What Lessons Can Small Firms Learn From the Recent Bankruptcy of Dewey & LeBoeuf?

Vol. 1, No. 12

Richard Schenkar is an attorney who writes and speaks on online research technique, computer security, and law office management. His column “Practical Resources” appears monthly in the Washington State Association for Justice Trial News. He edits the Washington Lawyer Practice Manual chapter on “Law Office Management.” His blog is online at http://theinfoconnection.blogspot.com; his website is online at http://www.richardschenkar.com, and his email address is richard_schenkar@juno.com.


  • Foster a firm culture that thrives on efficiency.
  • Relate compensation to productivity.


Dewey & LeBoeuf is a New York-based law firm with worldwide connections that filed for bankruptcy on May 28, 2012, with approximately $315 million owed to more than 5,000 creditors and with $13 million in cash and $255 million in accounts receivable.

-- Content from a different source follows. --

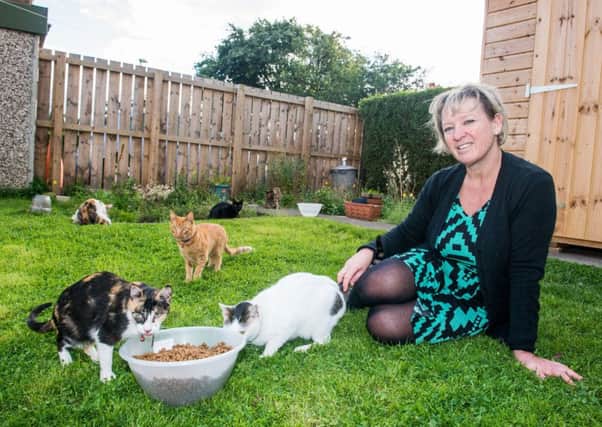 Laura Inglis with some of her 41 cats. Picture: Ian Georgeson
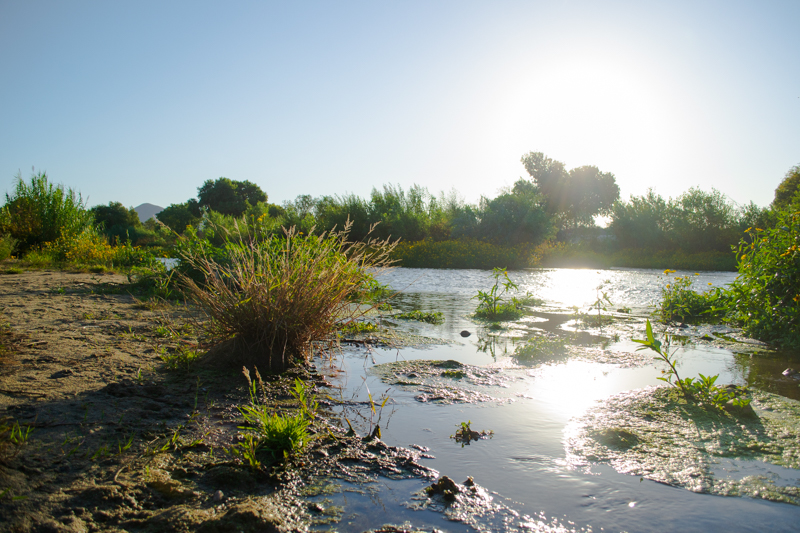 The sun shining over the river with surrounding greenery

The cautions to small law firms framed by the Dewey & LeBoeuf bankruptcy include 1) cultivate a firm culture that is open to new ideas and change; 2) know your numbers and understand their significance; and 3) relate compensation to production.


Firm Culture

Dewey & LeBoeuf was formed from the merger of two large law firms—one of which had Thomas E. Dewey as a named partner. He is familiar to many as a former candidate for president of the United States. The firm organized itself as one of insiders that served insiders. That attitude—and the great success that attitude brought—created an insular culture that made it difficult to consider changes or new ideas. The way the firm grew—especially in later stages—was by lateral transfers with substantial financial guarantees to the transferring lawyers. That is good for the transferring lawyers until clients stop paying bills. Then a battle starts for whatever crumbs are left. The success of the firm kept people from asking questions about what could be done to practice law more effectively. An irony is that the firm’s own website touted its capability to shape solutions for its clients (but, perhaps, not for itself):

Based on decades of experience in corporate law, governance, restructuring and litigation, Dewey & LeBoeuf has assembled a next generation capability to achieve clients’ goals . . . Our multidisciplinary approach enables us to develop special tools that allow directors and management to avoid “not knowing.”

Know Your Numbers

One of the big problems lawyers have is that we are not always comfortable with numbers. It may have been one of the subjects that we really sought to avoid. But running a business—and the practice of law is a business—requires a certain awareness of numbers. If you are numerically challenged, you do not have to admit it—here are some sources you can use to get comfortable with the numbers you need. Merrill Lynch Pierce Fenner & Smith offers help in the form of two online documents-”How to Read a Financial Report” and “Understanding Financial Reports.” Both of these documents explain each line in a financial statement and the significance of some ratios between certain items on balance sheets and income statements that are accepted indicators of financial health.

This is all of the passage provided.